O poeta, além de trabalhar a linguagem em sua relação mais aguda com

o silêncio fundador, está inserido em uma "política do silêncio" – dizer e não dizer

não tocam somente a incompletude da linguagem, mas um modo de significar que é

próprio ao discurso poético: um não-dito inscrito na própria materialidade,

silenciamento necessário para que a leitura e, mais, a construção de sentidos que é

feita pelo leitor (consciente ou inconscientemente), seja possível. Assim, a relação

51

da poesia com o silêncio é dupla: o poeta explora o silêncio que atravessa as

palavras, anterior a elas, continuum absoluto de significação, e explora o recorte

entre o dizer e o não dizer, dando espaço para o leitor na construção dos sentidos

no discurso. Orlandi explora o silenciamento – silêncio local – em sua dimensão

mais visível, a censura - interdição do dizer. No entanto, é a própria autora quem diz:

"toda denominação apaga necessariamente outros sentidos possíveis, o que mostra

que o dizer e o silenciamento são inseparáveis: contradição inscrita nas próprias

palavras". Além dessa dimensão de todo discurso – temos que não dizer para dizer

–, o discurso poético também silencia para dar espaço ao outro e, com isso, também

para o silêncio fundador: as palavras, dotadas de sentidos múltiplos, dispersos,

efeito do silêncio que as atravessa e que, no discurso poético, é ressaltado e

admitido, dão espaço para o leitor; silêncio fundante e silenciamento se entrecruzam

como condições de produção do discurso poético.
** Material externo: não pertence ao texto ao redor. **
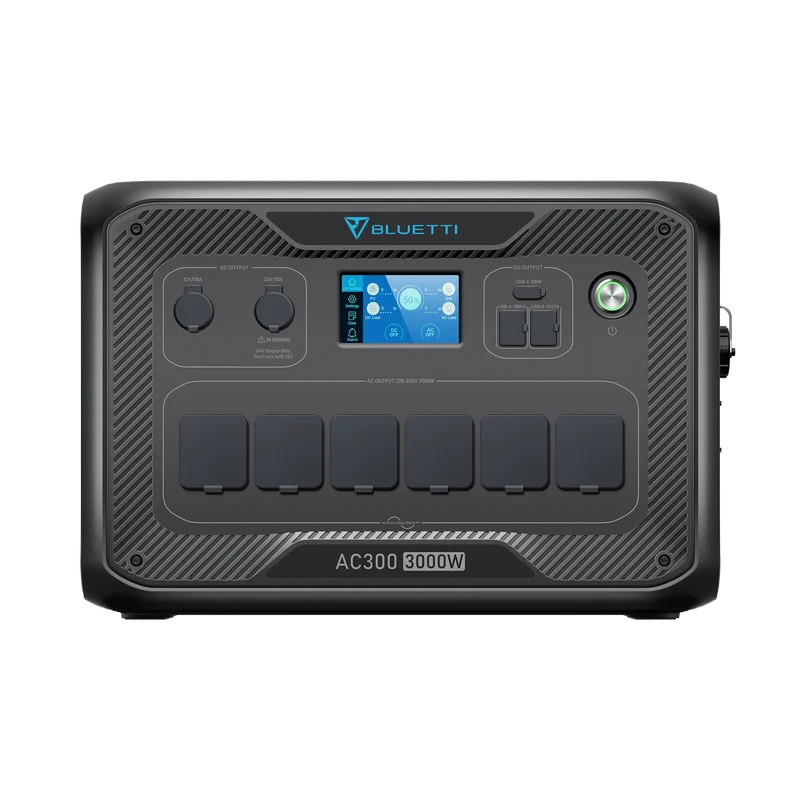BLUETTI AC300 + B300 Home Battery Backup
No discurso poético de Ana Cristina Cesar, a fragmentação e a

descontinuidade visíveis na linearidade intralingüística são indícios de um duplo

processo interdiscursivo que atravessa a produção poética moderna. Sua dimensão

mais visível refere-se à consideração do leitor como participante ativo da produção

de sentidos, espaço necessário para que o efeito-sujeito-leitor possa ter sua

realização. A segunda dimensão diz respeito ao questionamento do signo lingüístico

transparente, unívoco e eficiente, tal como concebido nos discursos formalistas.

Para o poeta, a linguagem não é veículo de informação, ferramenta para chegar a

um resultado que está fora dela, mas lugar em que os acontecimentos se dão, lugar

de construção de um real que não lhe é acessível, possibilidade de transformação

das ordens vigentes e repressivas às quais nos submetemos inconscientemente.
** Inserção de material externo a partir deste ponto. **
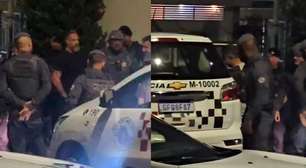 Major aposentado da PM é preso suspeito de agredir esposa em Santo André (SP)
Assim se faz o relacionamento da poesia com o silêncio – fundante e local -; o poeta

percebe a incompletude da linguagem e tenta subvertê-la, de modo indireto, pela

afirmação ou pela negação de sua natureza falha; por outro lado, o poeta deixa

espaços silenciosos para que o leitor seja também sujeito.

O silêncio é constitutivo de todo discurso, mas, na poesia, é um princípio

que rege o processo de criação artística; no discurso poético, percebe-se que a

linguagem é falha e que os sentidos têm sua origem em um outro lugar anterior a

ela, que são dispersos e, por isso, opacos, enquanto, nos outros discursos, a

linguagem é concebida como eficiente em sua ilusão de transparência e unicidade.

Nos discursos em geral, essa permanência do silêncio é apagada: o sentido só

52

poderia ter sua existência calcada na existência mesma da linguagem, o sujeito

poderia controlar de maneira plena os sentidos que veicula. Na poesia, essa relação

não se faz da mesma maneira. Tanto o sujeito que produz quanto o sujeito que lê

um poema já pressupõem um espaço onde os sentidos aparentes podem não ser os

únicos. O discurso poético coloca-se como um espaço legitimado para a polissemia.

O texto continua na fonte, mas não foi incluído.